▶ [PROBLEM DETAILS]: Quote exactly, and only, the lines from the one containing "경기도의회 교육행정위원회, 도교육청 예산안 심사 착수" through the end of the material below. Skip pictures.

▶ [STORED DATA]:
################

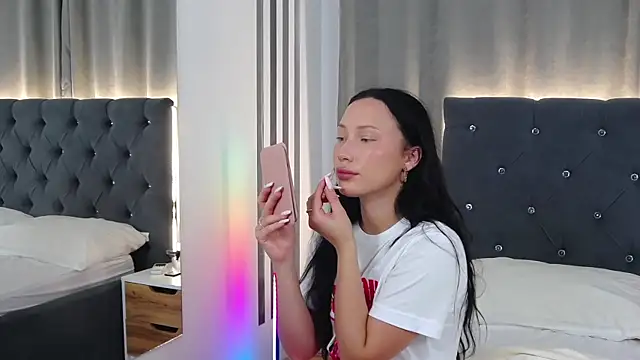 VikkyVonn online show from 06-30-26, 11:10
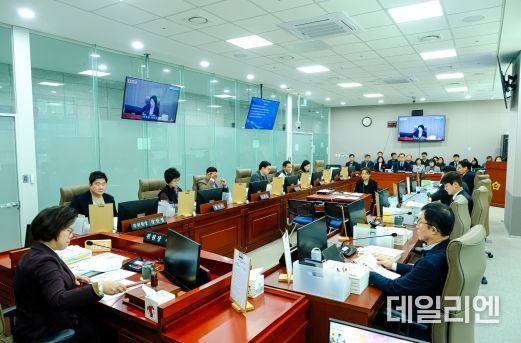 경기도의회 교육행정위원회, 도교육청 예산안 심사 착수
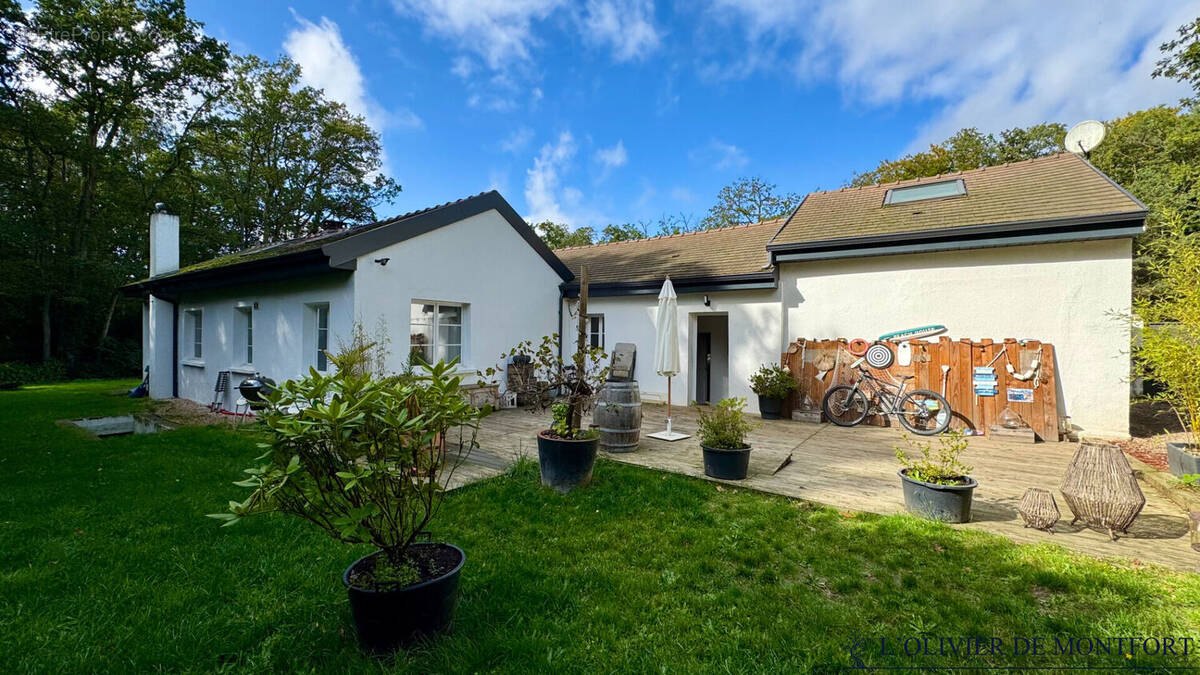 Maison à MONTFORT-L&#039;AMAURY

################

▶ [WRITTEN SOLUTION]:
 경기도의회 교육행정위원회, 도교육청 예산안 심사 착수
 Maison à MONTFORT-L&#039;AMAURY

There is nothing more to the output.